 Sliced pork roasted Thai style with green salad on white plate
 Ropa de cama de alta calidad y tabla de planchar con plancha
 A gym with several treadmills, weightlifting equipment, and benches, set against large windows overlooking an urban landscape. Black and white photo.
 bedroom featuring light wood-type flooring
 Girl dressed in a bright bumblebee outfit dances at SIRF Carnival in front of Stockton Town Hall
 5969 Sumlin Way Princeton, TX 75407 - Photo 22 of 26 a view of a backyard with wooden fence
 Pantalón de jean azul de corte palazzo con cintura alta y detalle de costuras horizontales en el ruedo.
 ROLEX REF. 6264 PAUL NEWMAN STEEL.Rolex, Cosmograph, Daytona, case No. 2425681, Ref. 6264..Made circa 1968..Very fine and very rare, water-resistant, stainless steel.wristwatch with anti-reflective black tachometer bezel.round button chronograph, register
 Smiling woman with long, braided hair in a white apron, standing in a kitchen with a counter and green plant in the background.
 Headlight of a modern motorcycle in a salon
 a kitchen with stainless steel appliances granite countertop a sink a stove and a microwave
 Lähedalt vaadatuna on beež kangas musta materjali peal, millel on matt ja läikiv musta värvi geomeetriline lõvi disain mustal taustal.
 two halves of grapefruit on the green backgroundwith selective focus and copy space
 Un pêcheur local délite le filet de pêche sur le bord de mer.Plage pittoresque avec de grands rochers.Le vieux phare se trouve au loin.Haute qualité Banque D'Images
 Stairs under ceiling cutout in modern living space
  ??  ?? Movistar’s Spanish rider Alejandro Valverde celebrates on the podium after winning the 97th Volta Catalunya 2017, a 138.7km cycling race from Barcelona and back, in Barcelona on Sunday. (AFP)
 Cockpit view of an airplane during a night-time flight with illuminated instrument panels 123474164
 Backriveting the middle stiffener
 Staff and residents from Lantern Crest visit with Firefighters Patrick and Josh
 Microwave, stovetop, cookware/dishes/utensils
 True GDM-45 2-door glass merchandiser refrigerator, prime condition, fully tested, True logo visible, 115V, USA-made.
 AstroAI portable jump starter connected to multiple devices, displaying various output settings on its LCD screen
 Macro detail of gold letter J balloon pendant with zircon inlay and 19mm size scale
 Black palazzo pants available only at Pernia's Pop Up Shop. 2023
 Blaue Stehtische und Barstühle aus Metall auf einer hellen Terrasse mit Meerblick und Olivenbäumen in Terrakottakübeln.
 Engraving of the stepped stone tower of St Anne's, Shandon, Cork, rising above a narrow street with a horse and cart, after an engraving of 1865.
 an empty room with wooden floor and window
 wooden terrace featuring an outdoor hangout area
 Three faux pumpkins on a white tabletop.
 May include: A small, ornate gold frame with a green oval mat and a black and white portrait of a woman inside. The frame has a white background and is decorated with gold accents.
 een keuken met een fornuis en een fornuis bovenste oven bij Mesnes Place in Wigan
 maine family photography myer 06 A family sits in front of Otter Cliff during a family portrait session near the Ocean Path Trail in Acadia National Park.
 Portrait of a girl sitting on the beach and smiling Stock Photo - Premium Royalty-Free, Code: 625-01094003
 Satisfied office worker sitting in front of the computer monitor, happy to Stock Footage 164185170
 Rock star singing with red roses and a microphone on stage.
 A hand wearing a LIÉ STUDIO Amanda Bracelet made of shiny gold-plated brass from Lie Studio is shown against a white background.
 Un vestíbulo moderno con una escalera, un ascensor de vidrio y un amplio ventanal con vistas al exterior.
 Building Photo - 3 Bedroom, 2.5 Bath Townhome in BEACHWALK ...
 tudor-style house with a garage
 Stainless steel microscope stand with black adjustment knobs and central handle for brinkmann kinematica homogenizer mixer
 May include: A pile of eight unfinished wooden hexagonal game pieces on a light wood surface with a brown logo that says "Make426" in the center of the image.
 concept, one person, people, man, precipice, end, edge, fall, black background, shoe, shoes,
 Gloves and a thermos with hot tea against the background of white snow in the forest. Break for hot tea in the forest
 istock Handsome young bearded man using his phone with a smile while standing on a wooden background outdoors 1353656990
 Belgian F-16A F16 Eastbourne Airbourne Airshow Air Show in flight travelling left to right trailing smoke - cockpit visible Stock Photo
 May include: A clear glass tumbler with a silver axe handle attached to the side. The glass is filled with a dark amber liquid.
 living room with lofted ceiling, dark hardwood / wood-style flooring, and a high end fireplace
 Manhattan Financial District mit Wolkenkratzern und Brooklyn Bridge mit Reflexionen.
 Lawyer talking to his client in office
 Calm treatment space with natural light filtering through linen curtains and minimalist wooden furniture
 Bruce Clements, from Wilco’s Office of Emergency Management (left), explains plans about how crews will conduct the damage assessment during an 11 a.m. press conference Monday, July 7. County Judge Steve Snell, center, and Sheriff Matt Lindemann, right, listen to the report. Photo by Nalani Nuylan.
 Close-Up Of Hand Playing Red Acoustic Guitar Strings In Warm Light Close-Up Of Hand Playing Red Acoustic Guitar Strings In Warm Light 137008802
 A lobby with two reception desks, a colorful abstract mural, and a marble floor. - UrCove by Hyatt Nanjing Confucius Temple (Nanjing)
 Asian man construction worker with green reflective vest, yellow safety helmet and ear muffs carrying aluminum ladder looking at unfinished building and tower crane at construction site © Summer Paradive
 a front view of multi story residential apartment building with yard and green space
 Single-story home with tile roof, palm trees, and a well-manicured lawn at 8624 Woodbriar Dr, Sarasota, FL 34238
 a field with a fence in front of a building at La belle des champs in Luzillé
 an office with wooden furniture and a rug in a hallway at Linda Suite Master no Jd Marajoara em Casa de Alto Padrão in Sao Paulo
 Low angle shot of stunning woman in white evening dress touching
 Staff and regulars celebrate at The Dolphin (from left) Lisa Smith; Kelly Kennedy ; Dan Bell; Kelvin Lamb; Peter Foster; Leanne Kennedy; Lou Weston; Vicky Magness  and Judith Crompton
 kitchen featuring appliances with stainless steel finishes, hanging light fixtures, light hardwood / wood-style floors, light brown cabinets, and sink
::::
> Exercise details
Which lines above include the word "furniture"? Show each one.

> Result
 Calm treatment space with natural light filtering through linen curtains and minimalist wooden furniture
 an office with wooden furniture and a rug in a hallway at Linda Suite Master no Jd Marajoara em Casa de Alto Padrão in Sao Paulo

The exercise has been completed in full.